ETH Zurich announced its new Quantum Center. The center has 28 founding members from 6 different departments of ETH Zurich and the Paul Scherrer Institute.
The purpose of the new ETH Quantum Center is to ensure ETH Zurich’s various competences and activities in this area are networked even more closely and to raise their public profile.
Quantum research is of great importance to ETH Zurich, where a significant number of professorships are now investigating quantum physics and quantum technologies. Although the Department of Physics is still home to a majority of quantum scientists, they are playing an increasingly prominent role in other departments as well.

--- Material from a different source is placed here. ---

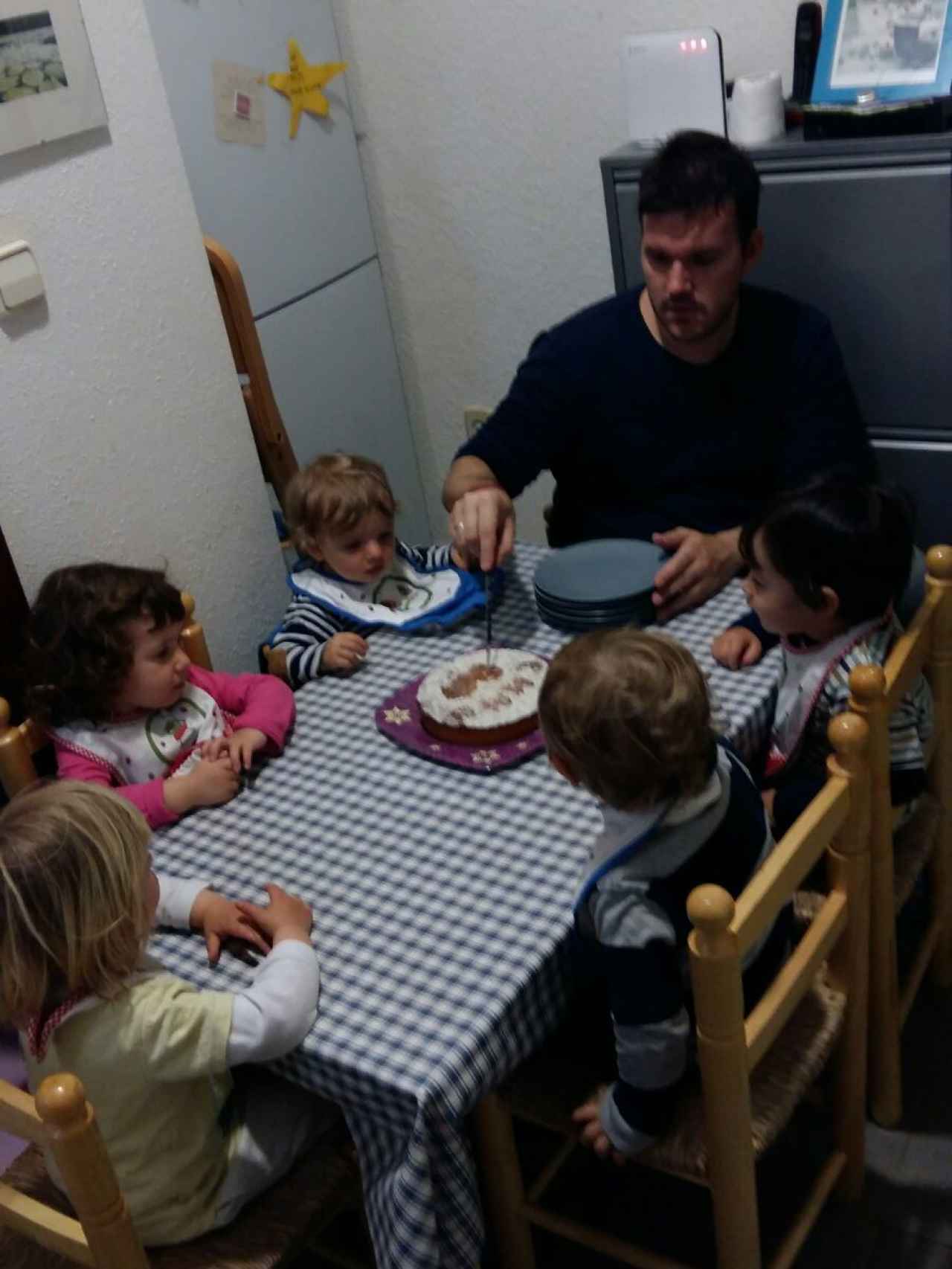 Eduardo Rodríguez cuida a cuatro niños en su casa de La Latina, Madrid.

The expectation of new applications is a major reason why quantum research is gaining a foothold in an increasing number of departments. Harnessing the abstract phenomena of quantum mechanics for specific applications calls for more than just theoretical and experimental physicists. They must also be joined by engineers to attend to the electronics, nanofabrication, new materials or process scalability, and by computer scientists to develop the required programming approaches, without which the new technologies would be useless.

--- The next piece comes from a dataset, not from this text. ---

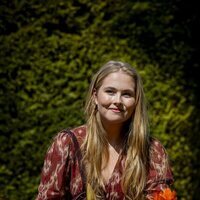Amalia de Holanda en el jardín de tulipanes que regaló a Madrid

Already well set up to pursue quantum research, ETH Zurich plans to further expand its activities over the next few years. Last autumn, the university launched a new Quantum Engineering Master’s programme. And as part of the ETH+ initiative on quantum research, the recruitment process recently began for two new professorships – one for quantum computing at the Department of Computer Science, the other for experimental quantum technology in collaboration with the Paul Scherrer Institute PSI.

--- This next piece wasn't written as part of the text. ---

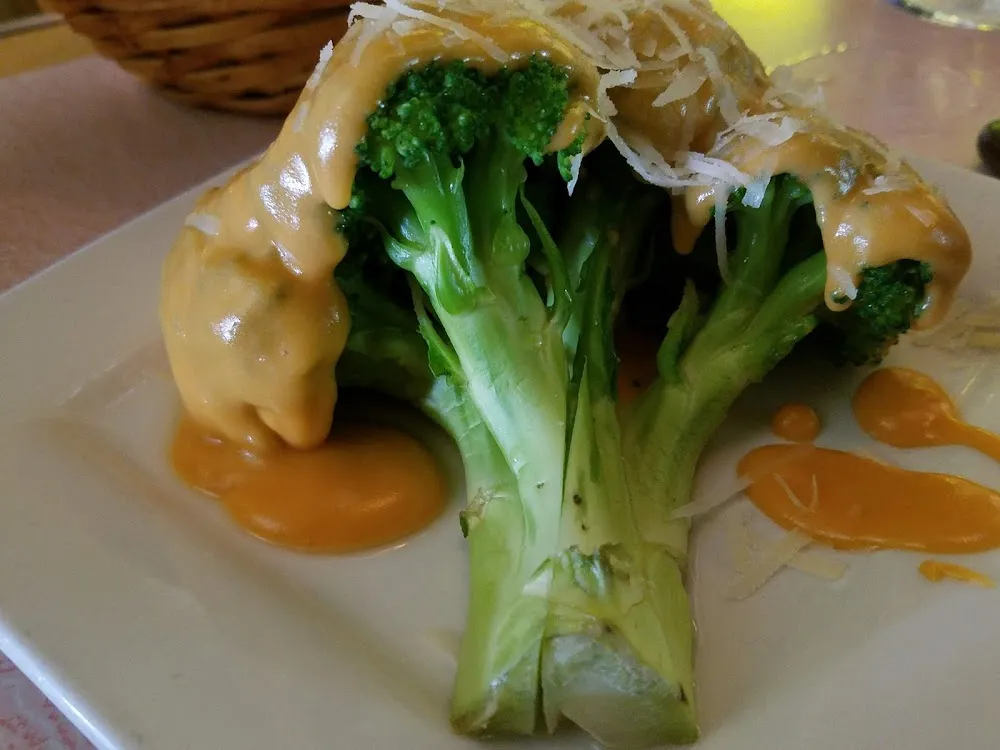 Steamed Broccoli with Cheese Sauce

At the same time, ETH Zurich wants to bring the individual players in this field closer together. For this reason, and also as part of the ETH+ initiative, the university has founded the new ETH Quantum Center, which will bring together ETH’s different disciplines under one roof. In total, 28 professorships from 6 departments and from PSI have already joined the new center.
The center’s initiators are particularly focused on the medium term: with the Swiss National Centre of Competence in Research for Quantum Science and Technology (NCCR QSIT) closing at the end of 2022, the new ETH Quantum Center is now set to take over some of its functions. A top priority is to forge a public presence.
A specific example of this is positioning ETH Zurich to be even more successful in securing European funding to pursue quantum technology. And when it comes to future collaborative projects with industry or third-party fundraising, ETH will benefit from being able to present the full breadth of its expertise under the umbrella of the new Quantum Center.